■ Recorded information

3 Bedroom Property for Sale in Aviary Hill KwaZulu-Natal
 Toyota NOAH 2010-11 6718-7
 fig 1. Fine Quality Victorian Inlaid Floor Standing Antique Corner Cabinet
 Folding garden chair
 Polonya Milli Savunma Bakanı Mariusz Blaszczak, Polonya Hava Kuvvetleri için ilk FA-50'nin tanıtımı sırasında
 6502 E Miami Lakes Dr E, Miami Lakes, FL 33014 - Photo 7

■ What is required
Reproduce the records above in their entirety, unchanged.

■ Result
3 Bedroom Property for Sale in Aviary Hill KwaZulu-Natal
 Toyota NOAH 2010-11 6718-7
 fig 1. Fine Quality Victorian Inlaid Floor Standing Antique Corner Cabinet
 Folding garden chair
 Polonya Milli Savunma Bakanı Mariusz Blaszczak, Polonya Hava Kuvvetleri için ilk FA-50'nin tanıtımı sırasında
 6502 E Miami Lakes Dr E, Miami Lakes, FL 33014 - Photo 7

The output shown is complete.